Sarah and Anne

photo by Tina Francis Mutungu

In the fading of the day, Anne was curled up against me in our beat-up old leather chair. I was reading, and she was just resting, watching me. We were rather quiet because the other two were watching Daniel Tiger’s Neighbourhood together. I had my hand in her blonde hair, slowly running my fingers through, she was precariously balanced, a noodle of a girl. Then we had a lovely conversation.

Maybe you’ve noticed or maybe you haven’t, I don’t know, but Anne and Joe have steadily been disappearing from my blog for a while now. I used to tell a lot more stories about them – their spirituality, their daily lives, their quirks, their new experiences, their wisdom, their frustrations – but the “mum-blog” aspect of my writing has wound down.

(It’s likely I’m the only one who misses it – the world hardly needs another over-sharing mother with a blog.)

I made a conscious decision to stop blogging about the tinies when they started kindergarten. I figured at that point – when they had friends at school, a presence in our community, a life of their own beginning to emerge – that they needed to know that their life was their own. So when they headed off to school, they headed away from my blog, too.
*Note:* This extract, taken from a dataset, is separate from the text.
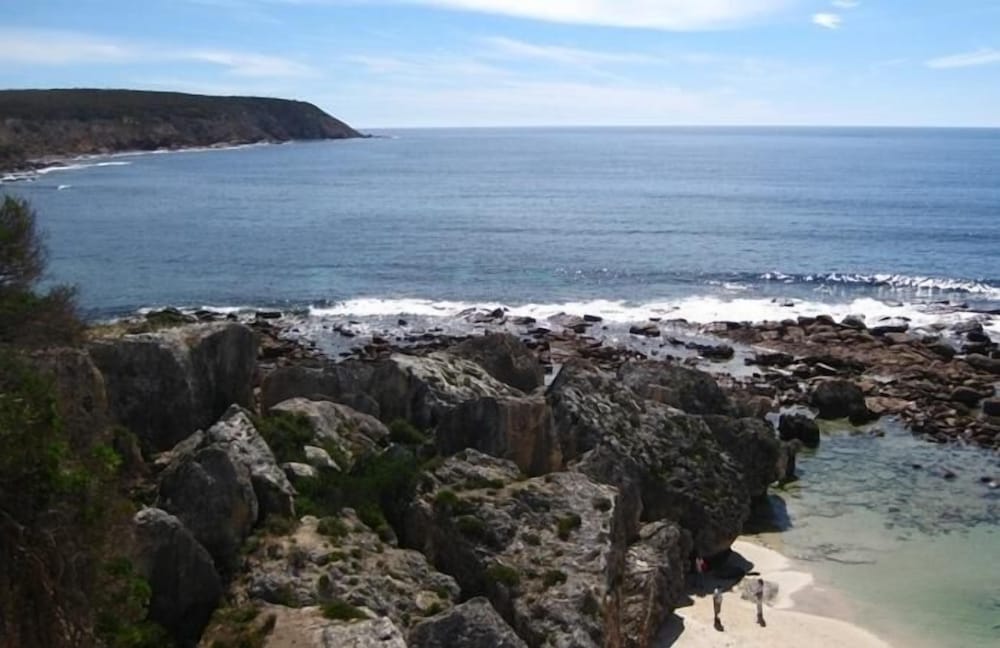 Waves and Wildlife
It’s been hard sometimes because, well, I’m a writer. It’s hard not to write about the most precious part of my life, the most inspiring, most rich and challenging part of my days. But I don’t write about the intricacies of their lives anymore – at least not publicly. (Babies and toddlers are fair game, so Evelynn still shows up a lot, particularly on Instagram since we’re together all day while the older tinies are at school. I tend to treat that medium as a her baby book (poor little third baby). But even with her young age, I try to be respectful with an eye on her future life.)
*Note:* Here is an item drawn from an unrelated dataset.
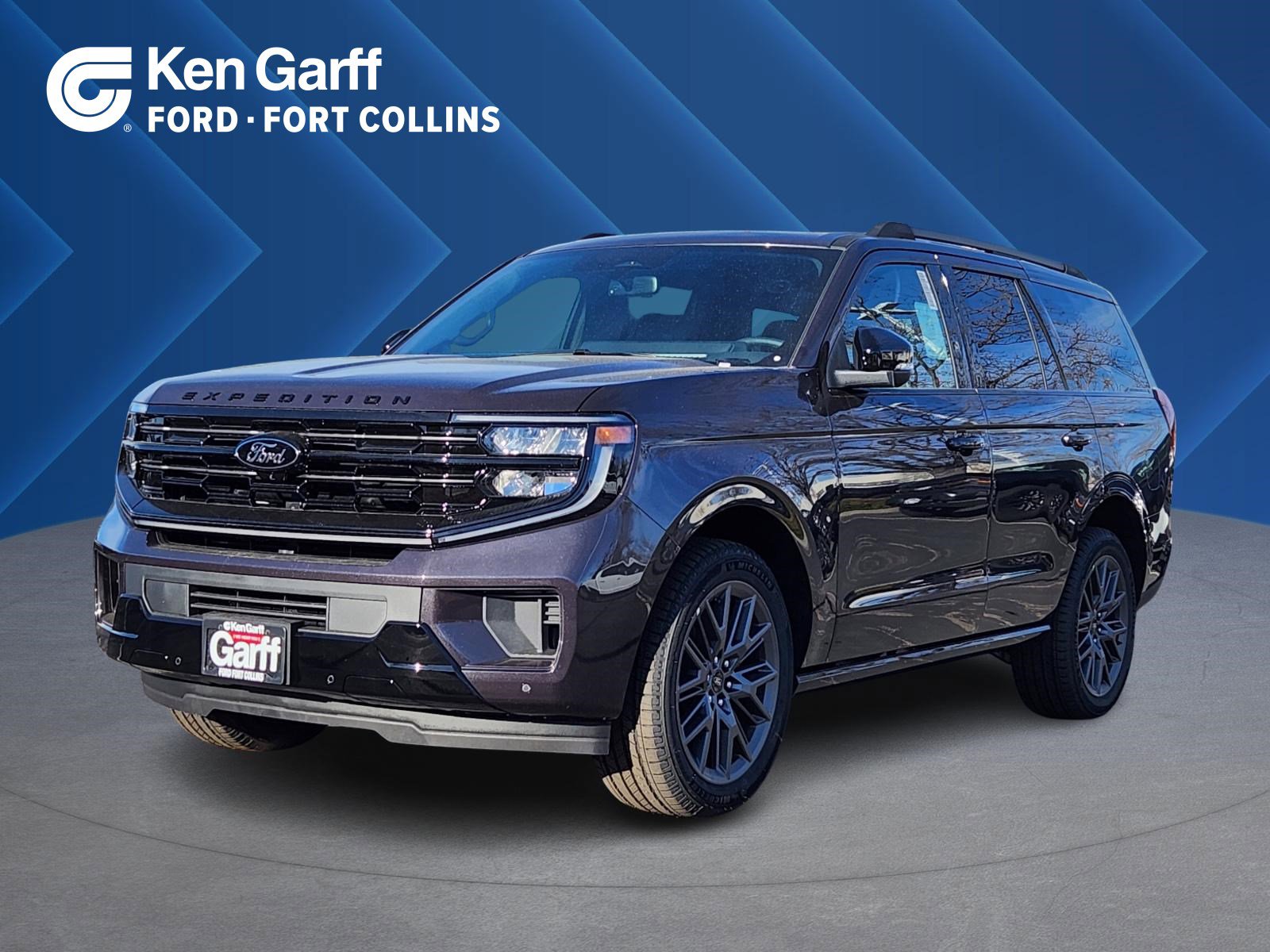 New 2025 Ford Expedition Platinum w/ Stealth Performance Package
The tinies all know about my blog, of course. Before I post a picture of the older tinies, I ask if it’s okay with them. “Is it okay if I share this on Facebook? on my blog?” Most of the time they say yes, they get a kick out of it. Sometimes they say no, and then it’s just our moment. Sometimes I don’t even ask, I just know: it’s not for anyone else but us.

I do write about motherhood still, of course but now it’s more about Me As A Mother, my own journey. Details are obscured. No one is named if a particular situation warrants a mention. A couple of years ago, right about the time I was having these realizations about “war photographers” that I eventually wrote about for D.L Mayfield, I was having very similar thoughts about my own tinies.

And I’ll be honest with you: there are a few posts back in my archives that I wish now that I had not written about the tinies – I feel sad that I took a private moment and made it public, let other people weigh in on their lives. I was learning, and I get that, but still I have regrets. I have deleted them. I will make apologies when they are older: “I’m sorry, I shouldn’t have written about that. Will you forgive me?” I’m trying to figure out a way to keep writing about mothering without using my children as fodder – and until I do, I’ll just keep erring on the side of silence and protection.

So that moment on the chair earlier today with Anne, it was ours alone. Even though the Writer-Me wants to capture the narrative and make some art, some connection, out of it, the Mama-Me is holding it close to the heart, protecting them. The days are moving too quickly sometimes. Anne is seven and a half, Joe is five and a half, Evelynn is nearly three. We have a lot of laughter, a lot of mess, a lot of frustrations, challenges, victories, and sacred moments. We have conversations that end well and other ones that end in eyes-rolling or yelling. There are things about the tinies and about this new season of our lives that are so incredible. But most of those moments will go unblogged. Those moments, those conversations, they’re ours alone now. I’ll jot them down in a journal, maybe someday they’ll show up in my writing but that day won’t come for a while – if ever.

I need my children to know that they aren’t blog fodder. I need them to know that they can grow up without an audience being privy to their sacred moments.

I need them to know that when they curl up around me in that old leather chair that their secrets are safe with me.